Chinese electronics wholesalers have a knack for picking up on trends and flooding the market with cheap “replicas” and shoddy knock-offs of the most popular gadgets. The candy-colored Beats by Dr. Dre headphones and are not necessarily a new addition to the world of Chinese fakes – having been spotted in street markets from Beijing to Bangkok for more than a year – but last month’s $1 billion valuation of Beats Electronics LLC has generated a spike in popularity.
“Looking at the shops in Shenzhen's Huaqiangbei commercial district – a destination for buying electronics, especially fakes – Beats by Dr. Dre are definitely hot, prominently displayed next to iPhones, Samsung gear and Nikon cameras,” reported CNN. “The counterfeit boom is fed, these days, by the rise of high-end headphones that Dr. Dre's audio products helped kickstart with the launch of Beats in 2008.”
Beats Electronics LLC is owned by former N.W.A. rapper and hip-hop producer Andre Young (aka Dr. Dre) and recording industry heavyweight Jimmy Lovine. Carlyle Group, one of the largest private equity firms in the world, invested $500 million in the company in late September, allowing it to buy back a minority stake held by HTC Corp – the smartphone maker that integrates “Beats Audio” into its high-end handsets. HTC had initially bought a 50.1 percent share in Beats Electronics LLC in 2011, but was unable to hold on with a tumbling stock price and increased competition from Apple and Samsung.
Speaking to a CNN reporter, one wholesale company spokesperson in Shenzhen said, “Business is very good. You buy cheap from me, you sell expensive in your home country, we all make a lot of money.” She added that one British businessman, intending to sell the bootleg audio equipment as the real deal, had recently placed a $50,000 order.
Last holiday season, Beats by Dr. Dre accounted for 70 percent of all high-end headphone sales in the U.S. The American headphone market is a $2.4 billion segment of the electronics industry. Beats earbuds range from $100 to $150, with the company’s over-the-ear headphones ranging from $200 to $400. Beats Electronics LLC also designs portable speakers and car audio systems.
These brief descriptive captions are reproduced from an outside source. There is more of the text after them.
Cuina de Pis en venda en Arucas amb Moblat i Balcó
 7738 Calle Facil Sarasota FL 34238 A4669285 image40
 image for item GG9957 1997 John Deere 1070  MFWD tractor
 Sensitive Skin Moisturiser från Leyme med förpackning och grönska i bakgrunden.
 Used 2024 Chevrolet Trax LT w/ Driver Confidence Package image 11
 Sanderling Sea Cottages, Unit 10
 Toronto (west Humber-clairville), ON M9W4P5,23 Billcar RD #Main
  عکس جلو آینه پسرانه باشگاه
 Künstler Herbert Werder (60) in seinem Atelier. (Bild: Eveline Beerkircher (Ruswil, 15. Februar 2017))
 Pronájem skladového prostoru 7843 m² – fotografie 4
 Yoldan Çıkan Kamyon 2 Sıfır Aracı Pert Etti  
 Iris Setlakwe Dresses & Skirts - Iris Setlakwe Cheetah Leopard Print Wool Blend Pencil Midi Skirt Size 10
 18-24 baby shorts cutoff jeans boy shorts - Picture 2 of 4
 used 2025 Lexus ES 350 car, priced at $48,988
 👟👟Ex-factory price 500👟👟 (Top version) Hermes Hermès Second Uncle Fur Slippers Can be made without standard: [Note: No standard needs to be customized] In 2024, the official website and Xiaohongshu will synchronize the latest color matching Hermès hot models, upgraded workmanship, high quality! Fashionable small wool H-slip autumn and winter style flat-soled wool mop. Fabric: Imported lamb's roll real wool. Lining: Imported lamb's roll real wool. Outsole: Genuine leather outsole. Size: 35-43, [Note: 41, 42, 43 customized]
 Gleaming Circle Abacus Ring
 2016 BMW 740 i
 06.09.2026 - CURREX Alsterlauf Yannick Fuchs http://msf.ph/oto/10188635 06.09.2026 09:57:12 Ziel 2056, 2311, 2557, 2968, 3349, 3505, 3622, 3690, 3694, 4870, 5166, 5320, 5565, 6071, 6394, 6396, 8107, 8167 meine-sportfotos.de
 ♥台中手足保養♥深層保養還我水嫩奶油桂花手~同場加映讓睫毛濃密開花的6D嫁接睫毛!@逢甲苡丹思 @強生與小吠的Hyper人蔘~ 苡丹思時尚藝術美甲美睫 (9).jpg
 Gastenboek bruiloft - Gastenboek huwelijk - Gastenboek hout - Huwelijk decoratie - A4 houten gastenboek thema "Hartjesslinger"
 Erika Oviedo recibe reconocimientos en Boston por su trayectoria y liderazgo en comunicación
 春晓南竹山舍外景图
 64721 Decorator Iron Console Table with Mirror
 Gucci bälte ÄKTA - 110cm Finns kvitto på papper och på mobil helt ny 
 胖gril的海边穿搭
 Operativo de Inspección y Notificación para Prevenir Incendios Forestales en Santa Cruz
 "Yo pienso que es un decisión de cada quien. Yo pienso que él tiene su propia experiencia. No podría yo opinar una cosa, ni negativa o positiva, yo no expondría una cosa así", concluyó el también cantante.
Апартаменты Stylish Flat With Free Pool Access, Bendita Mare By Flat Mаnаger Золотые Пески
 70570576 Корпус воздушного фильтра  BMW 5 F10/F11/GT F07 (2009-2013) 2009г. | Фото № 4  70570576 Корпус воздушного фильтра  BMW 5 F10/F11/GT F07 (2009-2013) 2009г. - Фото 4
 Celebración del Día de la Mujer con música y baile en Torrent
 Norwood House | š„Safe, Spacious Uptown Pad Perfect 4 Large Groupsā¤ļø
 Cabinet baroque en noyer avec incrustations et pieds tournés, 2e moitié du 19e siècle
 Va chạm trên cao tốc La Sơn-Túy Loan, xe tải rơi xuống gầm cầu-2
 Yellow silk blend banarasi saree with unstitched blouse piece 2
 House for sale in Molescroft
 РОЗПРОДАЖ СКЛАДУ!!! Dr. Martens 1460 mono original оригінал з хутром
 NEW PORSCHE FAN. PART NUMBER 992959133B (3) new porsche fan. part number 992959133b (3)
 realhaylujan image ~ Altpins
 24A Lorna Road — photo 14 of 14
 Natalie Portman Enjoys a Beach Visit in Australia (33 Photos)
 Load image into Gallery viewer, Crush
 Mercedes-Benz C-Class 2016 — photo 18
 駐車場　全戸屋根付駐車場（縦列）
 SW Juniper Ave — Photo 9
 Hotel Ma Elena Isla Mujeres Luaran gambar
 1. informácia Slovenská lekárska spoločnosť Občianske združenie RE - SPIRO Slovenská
A quick web search for “China Beats by Dre” offered numerous Chinese wholesale sites specializing in the colorful audio equipment. “DIYTrade” yielded five whole pages of counterfeit headphones with the iconic lower-case “b” logo, ranging from about $25 to $75 for copies of the top-selling Solo and Wireless models.
The same search on Alibaba, the world’s largest e-marketplace, yielded a whopping 19 pages of results. Although the Chinese shopping giant recently announced a partnership with Louis Vuitton to crack down on fake handbags, it seems that bootleg headphones are readily available. One seller was offering knock-off Beats for a mere $3.40 each – if the buyer could commit to a minimum purchase of 10,000 units. The same seller claimed to have the ability to ship 100,000 units per month.
The official Beats by Dr. Dre website offers tips on how to spot fakes and what to do if you’re duped. Their list begins with the golden rule of shopping for a premium item: “If the price seems too good to be true, it probably is.”
Last May, the BBC reported that counterfeit Beats by Dr. Dre headphones were one of the most commonly seized items by customs officers, with more than 200,000 pairs confiscated.
Not only are knock-off electronics less durable and of generally poorer quality than the official product – they are potentially dangerous, as well. A fake iPhone charger was attributed to the electrocution death of a Chinese woman last July.